(Crawled caption data)
════════════════

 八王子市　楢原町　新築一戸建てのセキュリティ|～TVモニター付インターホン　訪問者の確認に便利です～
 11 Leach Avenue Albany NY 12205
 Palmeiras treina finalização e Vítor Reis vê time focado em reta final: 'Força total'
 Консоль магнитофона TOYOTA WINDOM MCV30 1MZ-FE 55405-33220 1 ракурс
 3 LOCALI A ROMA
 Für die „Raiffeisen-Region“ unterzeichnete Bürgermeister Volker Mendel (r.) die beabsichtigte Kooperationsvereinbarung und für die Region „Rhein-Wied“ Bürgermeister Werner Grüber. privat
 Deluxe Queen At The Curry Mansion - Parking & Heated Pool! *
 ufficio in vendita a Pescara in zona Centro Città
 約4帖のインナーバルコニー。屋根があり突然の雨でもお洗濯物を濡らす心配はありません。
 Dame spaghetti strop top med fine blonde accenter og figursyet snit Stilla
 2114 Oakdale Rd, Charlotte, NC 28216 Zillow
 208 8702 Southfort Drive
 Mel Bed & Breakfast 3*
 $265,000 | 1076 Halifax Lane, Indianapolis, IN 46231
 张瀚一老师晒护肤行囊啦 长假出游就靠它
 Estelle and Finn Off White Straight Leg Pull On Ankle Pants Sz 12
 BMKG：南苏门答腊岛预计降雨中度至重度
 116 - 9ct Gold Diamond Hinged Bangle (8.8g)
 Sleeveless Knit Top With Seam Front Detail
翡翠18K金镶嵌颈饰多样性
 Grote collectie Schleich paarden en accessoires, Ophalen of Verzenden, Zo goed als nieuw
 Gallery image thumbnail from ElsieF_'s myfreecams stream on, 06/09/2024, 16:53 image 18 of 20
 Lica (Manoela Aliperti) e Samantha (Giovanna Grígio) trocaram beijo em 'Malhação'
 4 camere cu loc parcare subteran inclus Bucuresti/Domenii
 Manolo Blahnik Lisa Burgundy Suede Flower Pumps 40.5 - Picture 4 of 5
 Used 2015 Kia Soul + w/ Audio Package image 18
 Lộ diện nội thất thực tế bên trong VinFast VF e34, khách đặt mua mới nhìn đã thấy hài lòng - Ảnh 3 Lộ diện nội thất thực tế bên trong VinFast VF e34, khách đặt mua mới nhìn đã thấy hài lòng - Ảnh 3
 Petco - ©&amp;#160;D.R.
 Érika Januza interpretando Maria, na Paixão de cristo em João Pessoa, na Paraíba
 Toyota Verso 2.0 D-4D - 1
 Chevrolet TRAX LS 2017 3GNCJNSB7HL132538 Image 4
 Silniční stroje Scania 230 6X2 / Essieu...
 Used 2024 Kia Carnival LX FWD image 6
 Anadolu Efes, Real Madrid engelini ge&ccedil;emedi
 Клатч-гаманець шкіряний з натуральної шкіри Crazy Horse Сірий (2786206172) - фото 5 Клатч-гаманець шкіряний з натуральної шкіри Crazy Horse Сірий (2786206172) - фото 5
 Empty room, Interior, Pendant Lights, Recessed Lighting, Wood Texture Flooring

════════════════

Could you set down, word for word, only the lines above from the line with "Deluxe Queen At" to the line with "Used 2015 Kia", including both?

**RESPONSE FOR THIS EXERCISE**
 Deluxe Queen At The Curry Mansion - Parking & Heated Pool! *
 ufficio in vendita a Pescara in zona Centro Città
 約4帖のインナーバルコニー。屋根があり突然の雨でもお洗濯物を濡らす心配はありません。
 Dame spaghetti strop top med fine blonde accenter og figursyet snit Stilla
 2114 Oakdale Rd, Charlotte, NC 28216 Zillow
 208 8702 Southfort Drive
 Mel Bed & Breakfast 3*
 $265,000 | 1076 Halifax Lane, Indianapolis, IN 46231
 张瀚一老师晒护肤行囊啦 长假出游就靠它
 Estelle and Finn Off White Straight Leg Pull On Ankle Pants Sz 12
 BMKG：南苏门答腊岛预计降雨中度至重度
 116 - 9ct Gold Diamond Hinged Bangle (8.8g)
 Sleeveless Knit Top With Seam Front Detail
翡翠18K金镶嵌颈饰多样性
 Grote collectie Schleich paarden en accessoires, Ophalen of Verzenden, Zo goed als nieuw
 Gallery image thumbnail from ElsieF_'s myfreecams stream on, 06/09/2024, 16:53 image 18 of 20
 Lica (Manoela Aliperti) e Samantha (Giovanna Grígio) trocaram beijo em 'Malhação'
 4 camere cu loc parcare subteran inclus Bucuresti/Domenii
 Manolo Blahnik Lisa Burgundy Suede Flower Pumps 40.5 - Picture 4 of 5
 Used 2015 Kia Soul + w/ Audio Package image 18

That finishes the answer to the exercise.